Lets be honest, libraries (and librarians) have a lot going against them, from the stereotypes of being a boring place and enforcing noise policies to just a shear lack of funding. From a marketing standpoint one of our biggest challenges is to remind patrons young and old that public libraries are relevant to their lives. The library shouldn’t be a place to take a break from the fast pace of the real world, it should be the center of the community – a place where people go to do things!
As reported by the Entertainment Software Association, the gaming industry continued to grow in 2007, outselling music and movies in total revenue. It’s important for public libraries to play a role in the gaming world. We don’t have to be the first choice, but libraries need to at least be in the conversation. Gaming programs at public libraries remind patrons that we speak the same language.
But more importantly, we need to start seeing video games as learning tools. It’s been suggested that gaming doesn’t fit into the mission statements of public libraries, but I disagree. It’s simple: games encourage learning. Although everyone says this differently, the primary mission of most public libraries is to support educational activities within the community. Gaming has many positive impacts, including:
- Eye-hand coordination
- Basic technology skills
- And probably more that I’m overlooking
But hold on - these results are not just beneficial to young people; there are plenty of adults who could improve these skills. Education is a lifelong process, and gaming programs in public libraries is another way to help patrons improve their lives.

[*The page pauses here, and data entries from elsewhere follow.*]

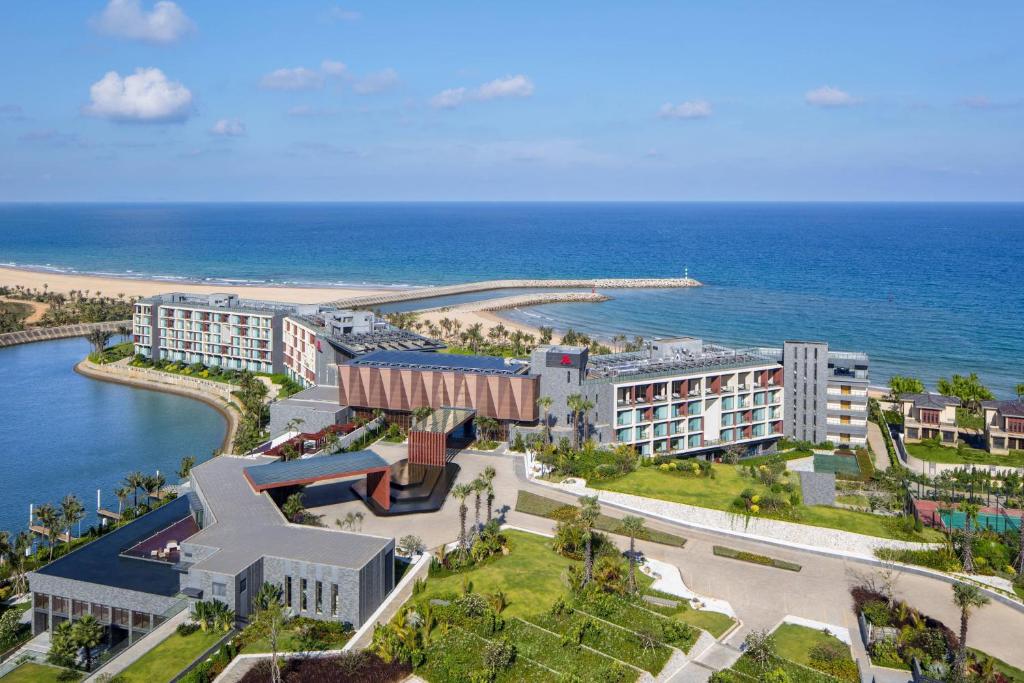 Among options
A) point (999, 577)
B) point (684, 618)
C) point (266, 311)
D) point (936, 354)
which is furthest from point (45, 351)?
point (936, 354)

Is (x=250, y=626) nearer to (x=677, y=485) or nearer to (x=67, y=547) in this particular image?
(x=67, y=547)

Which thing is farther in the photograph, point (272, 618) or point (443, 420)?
point (443, 420)

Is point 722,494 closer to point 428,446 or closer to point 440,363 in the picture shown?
point 428,446

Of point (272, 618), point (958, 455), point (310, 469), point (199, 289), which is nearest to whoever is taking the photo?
point (272, 618)

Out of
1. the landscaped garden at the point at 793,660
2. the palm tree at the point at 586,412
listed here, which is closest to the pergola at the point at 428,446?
the palm tree at the point at 586,412

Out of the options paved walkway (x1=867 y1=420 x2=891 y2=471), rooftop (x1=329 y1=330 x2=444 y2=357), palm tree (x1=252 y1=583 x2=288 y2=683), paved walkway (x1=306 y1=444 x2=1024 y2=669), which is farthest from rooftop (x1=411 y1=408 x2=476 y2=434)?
paved walkway (x1=867 y1=420 x2=891 y2=471)

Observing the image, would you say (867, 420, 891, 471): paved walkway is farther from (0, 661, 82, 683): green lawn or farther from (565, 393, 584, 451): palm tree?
(0, 661, 82, 683): green lawn

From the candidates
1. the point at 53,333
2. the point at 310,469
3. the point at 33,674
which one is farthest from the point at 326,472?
the point at 53,333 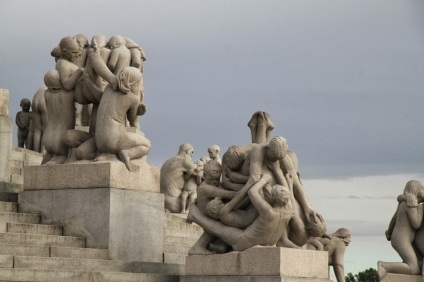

Unlike their younger counterparts, older adults may not attend gaming programs willingly - it may take some serious encouragement!
Many older adults have finally come around to personal computers, but the gaming world is completely foreign to them. Gaming is the realm of their children and grandchildren, and many adults are reluctant to show their ignorance with this technology. The trick is to get them in front of a game - like Wii Tennis - and put that controller in their hands. Once they start interacting with the games, they will be sold.
Be sure to have staff members of all ages around to help patrons get the hang of it. The result that I’ve been most impressed with is the interaction between the teenage staff and the senior patrons!